These data source overviews are intended to give you a high-level view of new data sources included in the Administrative Data Research Outputs. The emphasis is on the statistical quality of the source and how this affects the scope of its use in producing Research Outputs, rather than the operational quality of the administrative data source. It is anticipated that this overview will be updated in future years as the understanding and use of the data progresses.

2017 publications

The latest version of the income and benefits datasets we received was the 2016 delivery, with the latest complete year across all datasets being the tax year ending 2016. These datasets were used in Research Output publications in 2017. The only exception to this is the “New mothers’ income” publication, which used the 2015 delivery of data.

The 2016 delivery of the income and benefits datasets included Child Benefit, Universal Credit and Personal Independence Payment data. These data were supplied to us by the Department for Work and Pensions, with Child Benefit data originally sourced from HM Revenue and Customs.

The Digital Economy Act 2017 was passed into law in April 2017. The Act gives Office for National Statistics (ONS) a right of access to information held by government departments, other public bodies, charities and large and medium-sized businesses, for statistics and research purposes.

Previous publications

Source information

Dataset: Income and benefits Supplier: Department for Work and Pensions (DWP) and HM Revenue and Customs (HMRC) Version: 2015 delivery Geography: UK (HMRC datasets) and Great Britain (DWP datasets) Time period: Data from tax year ending 2010. Latest complete year across all datasets is tax year ending 2014.

Overview

Income and benefits is a collection of datasets we receive, which contain information about individuals and households receiving benefits, individuals in employment (excluding those in self-employment) and individuals receiving a pension. The datasets hold information that help infer a person’s residency, some components of income, and other characteristics based on interactions with government systems.

The income datasets supplied to us are sourced from HMRC data, which have been provided to DWP. The datasets contain all individuals in the UK whose pensions, pay, National Insurance contributions (NICs) and statutory payments information is reported to HMRC via the Pay As You Earn (PAYE) system1. The datasets also contain individuals in the UK who are claimants of tax credits, which are administered by HMRC.

The benefits datasets supplied to us have been sourced from DWP systems and contain all individuals who are in receipt of benefits2 in Great Britain.

Notes

  1. The datasets shared do not contain information about each of these separate components, but instead provide an aggregate income figure for each tax year.

  2. The benefits covered by the data received are Incapacity Benefit, Carer’s Allowance, Income Support, Jobseeker’s Allowance, Attendance Allowance, State Pension, Disability Living Allowance, Severe Disablement Benefit, Widows Benefit/Bereavement Benefit, Pension Credit, Employment Support Allowance and Housing Benefit.

Data-sharing arrangements

The income and benefits datasets were supplied to us under the Statistics and Registration Services Act 2007 legal gateway. A Memorandum of Understanding between HMRC, DWP and ONS was put in place to share anonymised datasets to allow us the opportunity to undertake research as part of the drive to make use of administrative data to improve the quality and availability of data.

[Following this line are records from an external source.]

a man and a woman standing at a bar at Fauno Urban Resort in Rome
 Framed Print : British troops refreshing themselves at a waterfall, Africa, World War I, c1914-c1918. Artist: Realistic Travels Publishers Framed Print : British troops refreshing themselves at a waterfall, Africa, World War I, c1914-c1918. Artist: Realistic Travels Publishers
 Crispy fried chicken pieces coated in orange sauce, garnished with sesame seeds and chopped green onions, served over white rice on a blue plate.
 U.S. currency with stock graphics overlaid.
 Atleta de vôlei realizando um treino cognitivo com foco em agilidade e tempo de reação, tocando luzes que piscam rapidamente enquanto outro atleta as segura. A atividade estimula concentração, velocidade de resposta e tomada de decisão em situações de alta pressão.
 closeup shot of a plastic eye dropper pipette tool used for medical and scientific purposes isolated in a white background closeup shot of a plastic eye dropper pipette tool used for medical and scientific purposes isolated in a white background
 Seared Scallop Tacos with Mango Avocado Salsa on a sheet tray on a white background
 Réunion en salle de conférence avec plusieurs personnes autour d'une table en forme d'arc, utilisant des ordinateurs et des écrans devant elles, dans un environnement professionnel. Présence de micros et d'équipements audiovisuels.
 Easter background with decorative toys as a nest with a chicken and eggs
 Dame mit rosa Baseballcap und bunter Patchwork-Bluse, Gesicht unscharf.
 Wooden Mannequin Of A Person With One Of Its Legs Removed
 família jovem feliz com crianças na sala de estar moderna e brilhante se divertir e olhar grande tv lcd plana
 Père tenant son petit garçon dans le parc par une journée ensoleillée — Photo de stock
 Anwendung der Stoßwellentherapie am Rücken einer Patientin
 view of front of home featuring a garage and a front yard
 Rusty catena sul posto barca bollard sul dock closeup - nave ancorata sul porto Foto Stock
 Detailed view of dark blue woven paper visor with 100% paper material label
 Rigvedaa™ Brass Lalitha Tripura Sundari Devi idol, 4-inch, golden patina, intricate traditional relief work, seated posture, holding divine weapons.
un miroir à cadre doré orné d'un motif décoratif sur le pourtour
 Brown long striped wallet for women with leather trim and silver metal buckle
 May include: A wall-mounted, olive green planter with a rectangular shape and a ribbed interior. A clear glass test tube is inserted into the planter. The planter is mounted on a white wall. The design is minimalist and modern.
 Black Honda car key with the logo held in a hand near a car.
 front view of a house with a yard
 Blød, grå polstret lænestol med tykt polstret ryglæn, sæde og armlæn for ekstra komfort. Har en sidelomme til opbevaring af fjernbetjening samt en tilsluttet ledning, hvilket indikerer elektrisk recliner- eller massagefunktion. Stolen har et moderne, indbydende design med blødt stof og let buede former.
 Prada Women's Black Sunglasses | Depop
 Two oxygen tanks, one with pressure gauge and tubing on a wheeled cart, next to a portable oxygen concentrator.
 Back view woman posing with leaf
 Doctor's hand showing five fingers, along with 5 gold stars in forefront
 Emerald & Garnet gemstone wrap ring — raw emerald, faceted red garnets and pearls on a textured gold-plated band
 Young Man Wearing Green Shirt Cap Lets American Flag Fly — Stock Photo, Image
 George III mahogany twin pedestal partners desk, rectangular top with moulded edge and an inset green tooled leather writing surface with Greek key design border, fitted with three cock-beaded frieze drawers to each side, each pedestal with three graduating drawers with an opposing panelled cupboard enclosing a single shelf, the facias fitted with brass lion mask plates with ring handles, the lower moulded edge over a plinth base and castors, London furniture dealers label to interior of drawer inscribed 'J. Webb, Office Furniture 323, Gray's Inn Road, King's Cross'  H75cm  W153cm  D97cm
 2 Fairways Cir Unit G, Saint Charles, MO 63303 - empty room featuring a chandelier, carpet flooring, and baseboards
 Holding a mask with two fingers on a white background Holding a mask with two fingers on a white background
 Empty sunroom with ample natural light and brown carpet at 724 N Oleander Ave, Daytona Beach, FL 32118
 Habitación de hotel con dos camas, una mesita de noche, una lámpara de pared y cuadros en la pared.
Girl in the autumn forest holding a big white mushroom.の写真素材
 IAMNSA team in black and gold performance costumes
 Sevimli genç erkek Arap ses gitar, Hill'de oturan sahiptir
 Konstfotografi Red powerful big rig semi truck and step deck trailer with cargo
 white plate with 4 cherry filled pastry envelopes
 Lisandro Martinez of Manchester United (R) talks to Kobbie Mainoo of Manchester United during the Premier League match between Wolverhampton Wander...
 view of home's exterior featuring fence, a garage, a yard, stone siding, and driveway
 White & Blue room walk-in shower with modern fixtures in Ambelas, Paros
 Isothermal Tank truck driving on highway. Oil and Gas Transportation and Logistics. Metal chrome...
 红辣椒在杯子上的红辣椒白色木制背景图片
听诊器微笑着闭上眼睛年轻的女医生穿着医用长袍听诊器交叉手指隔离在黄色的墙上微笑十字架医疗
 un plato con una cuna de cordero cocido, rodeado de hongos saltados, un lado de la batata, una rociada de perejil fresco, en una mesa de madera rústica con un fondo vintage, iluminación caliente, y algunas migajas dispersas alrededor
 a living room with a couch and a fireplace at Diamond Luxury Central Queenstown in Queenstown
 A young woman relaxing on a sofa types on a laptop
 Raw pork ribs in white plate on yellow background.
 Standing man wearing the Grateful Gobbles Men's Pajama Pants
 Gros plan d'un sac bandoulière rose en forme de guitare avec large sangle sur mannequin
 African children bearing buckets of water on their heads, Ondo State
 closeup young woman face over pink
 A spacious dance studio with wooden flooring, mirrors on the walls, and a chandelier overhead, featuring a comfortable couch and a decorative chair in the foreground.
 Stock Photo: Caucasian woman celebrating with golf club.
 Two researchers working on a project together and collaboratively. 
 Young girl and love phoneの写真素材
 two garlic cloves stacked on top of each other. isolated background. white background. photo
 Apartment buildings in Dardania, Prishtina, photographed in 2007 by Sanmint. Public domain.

The data received are held in a secure environment, which can be accessed only by our analysts who meet a set of security standards.

The Digital Economy Act 2017 amended the Statistics and Registration Service Act 2007 to provide us with greater and easier access to a range of data sources held within the public and private sectors, improving the quality and usability of official statistics and National Statistics. The amendments created a legal gateway for data owners to provide access to data they hold, for us to fulfil our statistical functions. The amended legislation also established the statutory conditions to enable us to work in partnership with data holders to identify and address the main security, privacy and resource implications of our access to data.

In addition to setting out strict limitations on the use of data provided in this way, the legislation also reinforced sanctions for the misuse of data and the main protections set out in the Data Protection Act 1998. These safeguards collectively ensure that data holders and the public can be confident that data will be used in a proportionate and accountable fashion to support the production of statistics and statistical research for the public good.

Content

The datasets contain anonymised individual-level information on those claiming certain benefits, receiving tax credits and receiving pensions or income paid through the PAYE system. The datasets exclude income submitted via self-assessment (including self-employment income).

The datasets contain a unique identifier created by DWP specifically for our purposes. The identifier allows for the linking of the income and benefits data to each other and to the DWP Customer Information System (CIS)1. The address and demographic characteristics of individuals included in the income and benefits datasets are obtained through linking to the CIS.

The datasets include a variable for the income or benefit amount paid to an individual or household and for some benefits variables with the dates of the claims. More information on the content of the datasets was published in the Income Research Outputs Report in December 2016.

Notes

    1. The CIS contains basic information (including name, address and date of birth) on all individuals who have ever had a National Insurance number. For more information on the CIS, see DWP Customer Information System.

Coverage

The income and benefits datasets include three groups of people. These groups are:

  • all individuals who have income that is submitted to HMRC via the PAYE system from employments (excluding self-employments), occupational pensions or personal pensions

  • all individuals who have claimed tax credits and, where applicable, information on the partner linked to the claim

  • all individuals who claim benefits and, for some benefits, information about other individuals linked to the claim (for example, a partner)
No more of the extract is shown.